MATERIAL FOR THIS EXERCISE.
______
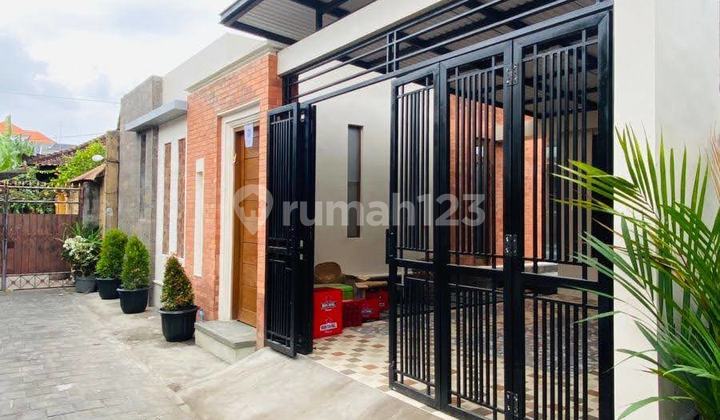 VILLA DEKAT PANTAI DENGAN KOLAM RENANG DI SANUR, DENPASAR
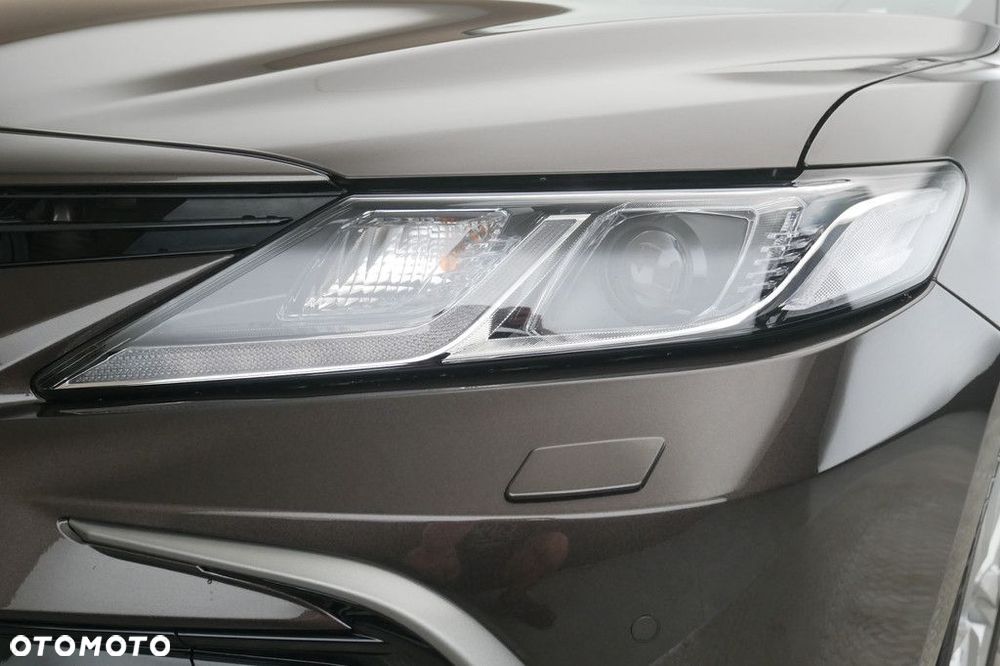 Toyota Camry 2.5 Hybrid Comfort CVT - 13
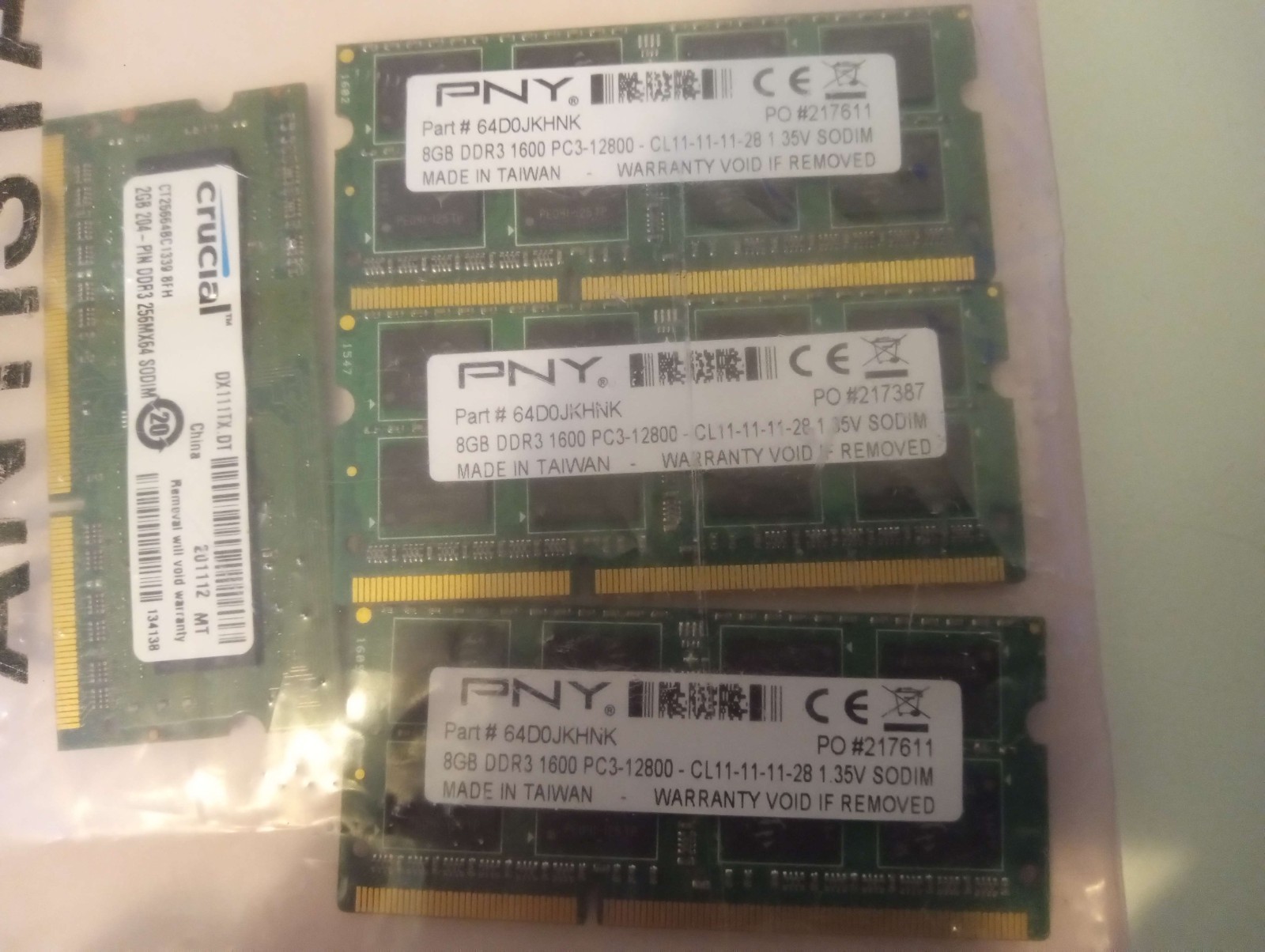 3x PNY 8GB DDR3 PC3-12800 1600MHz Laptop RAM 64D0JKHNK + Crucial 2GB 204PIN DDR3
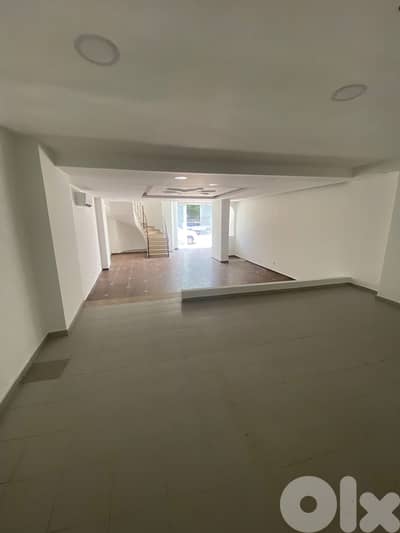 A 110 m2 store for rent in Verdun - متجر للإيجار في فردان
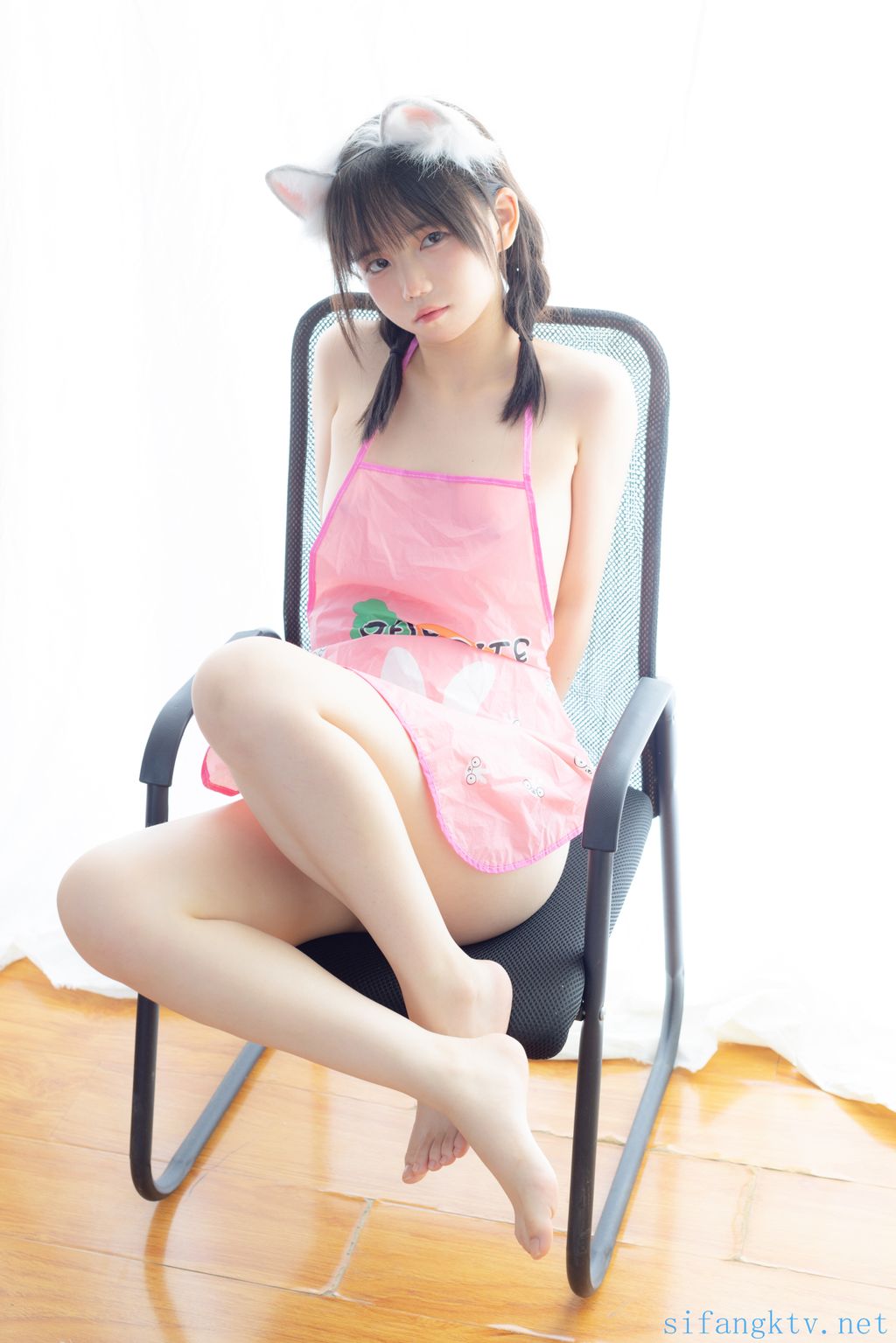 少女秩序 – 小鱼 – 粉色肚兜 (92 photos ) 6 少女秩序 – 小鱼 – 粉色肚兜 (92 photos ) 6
______
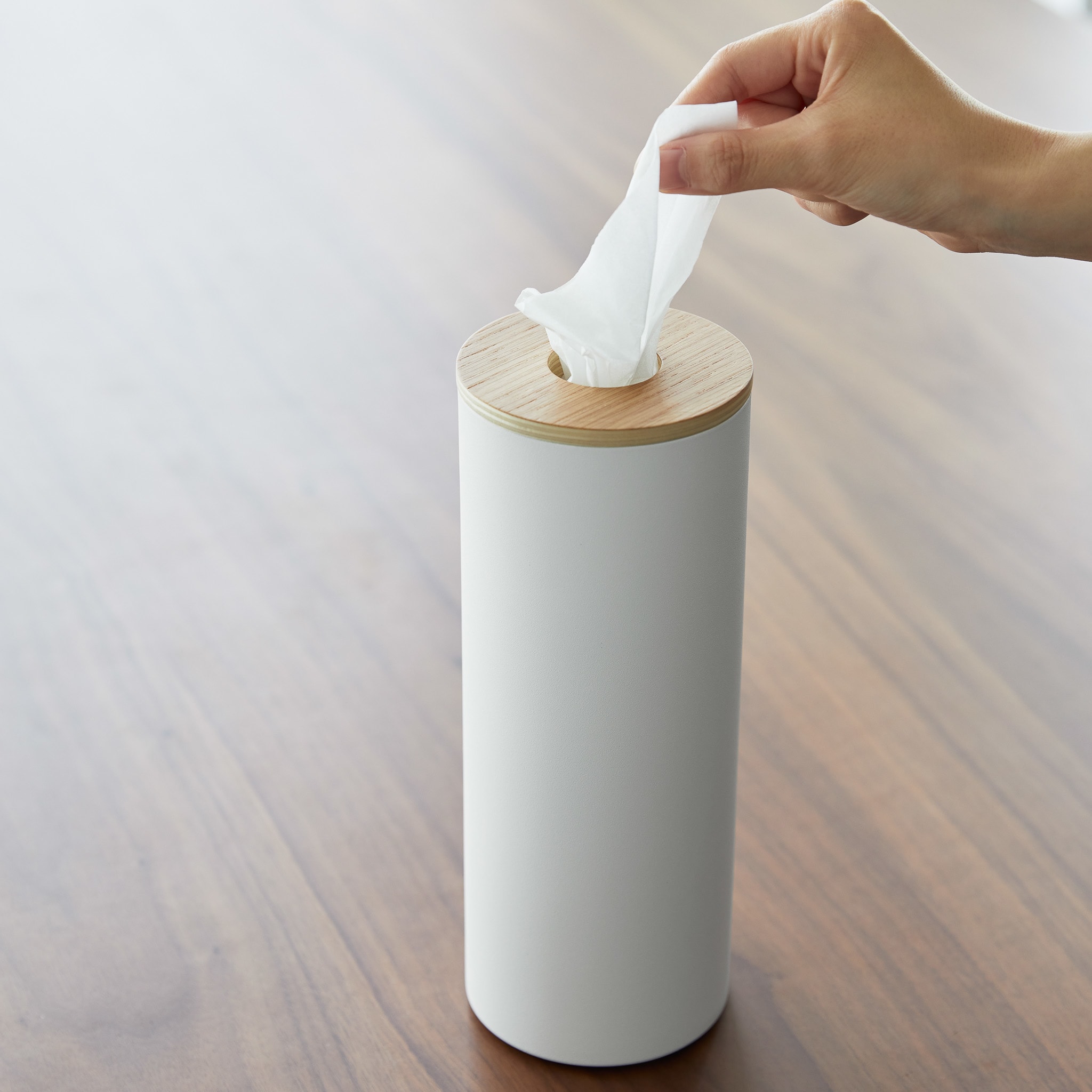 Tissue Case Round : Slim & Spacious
______
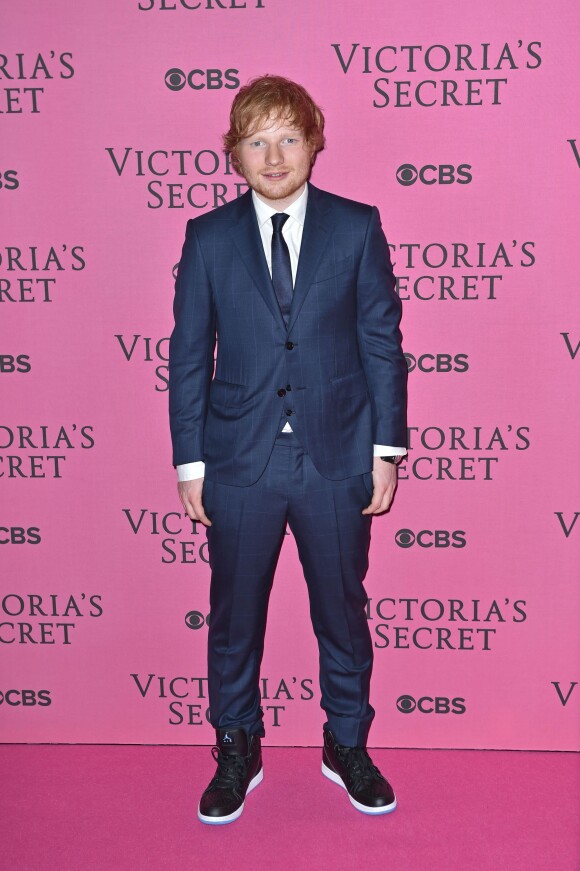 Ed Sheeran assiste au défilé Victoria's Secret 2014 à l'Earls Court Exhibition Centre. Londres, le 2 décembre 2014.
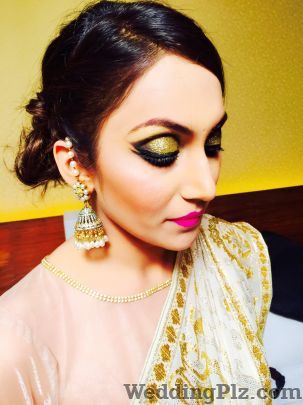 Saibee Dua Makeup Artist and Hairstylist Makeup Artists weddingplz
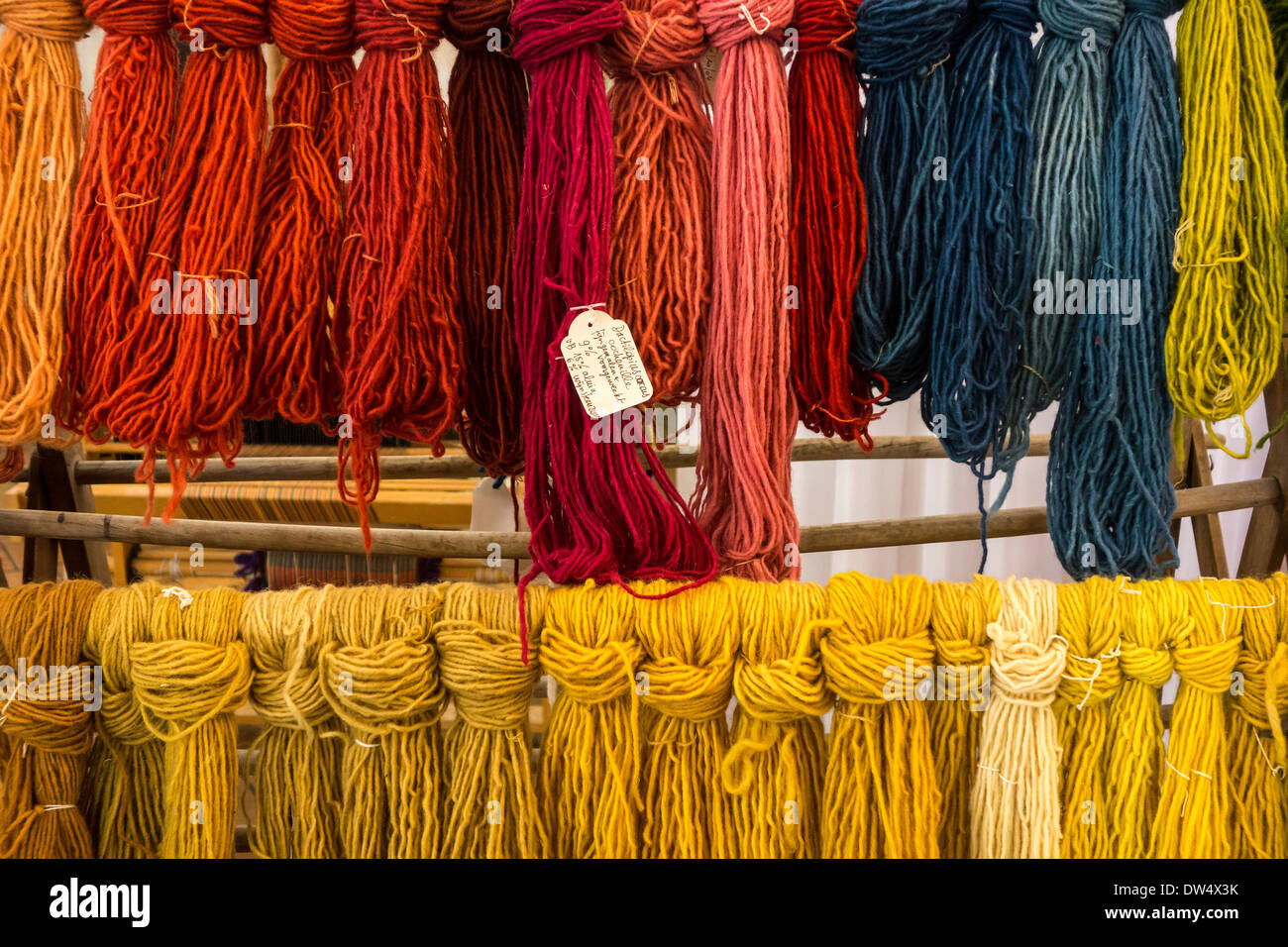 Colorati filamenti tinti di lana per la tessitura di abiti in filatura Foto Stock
______
TASK REQUIREMENTS.
With the pictures omitted, print the lines above exactly, beginning at the line with "Ed Sheeran assiste" and going on through the line with "Colorati filamenti tinti".

ANSWER BOX.
 Ed Sheeran assiste au défilé Victoria's Secret 2014 à l'Earls Court Exhibition Centre. Londres, le 2 décembre 2014.
 Saibee Dua Makeup Artist and Hairstylist Makeup Artists weddingplz
 Colorati filamenti tinti di lana per la tessitura di abiti in filatura Foto Stock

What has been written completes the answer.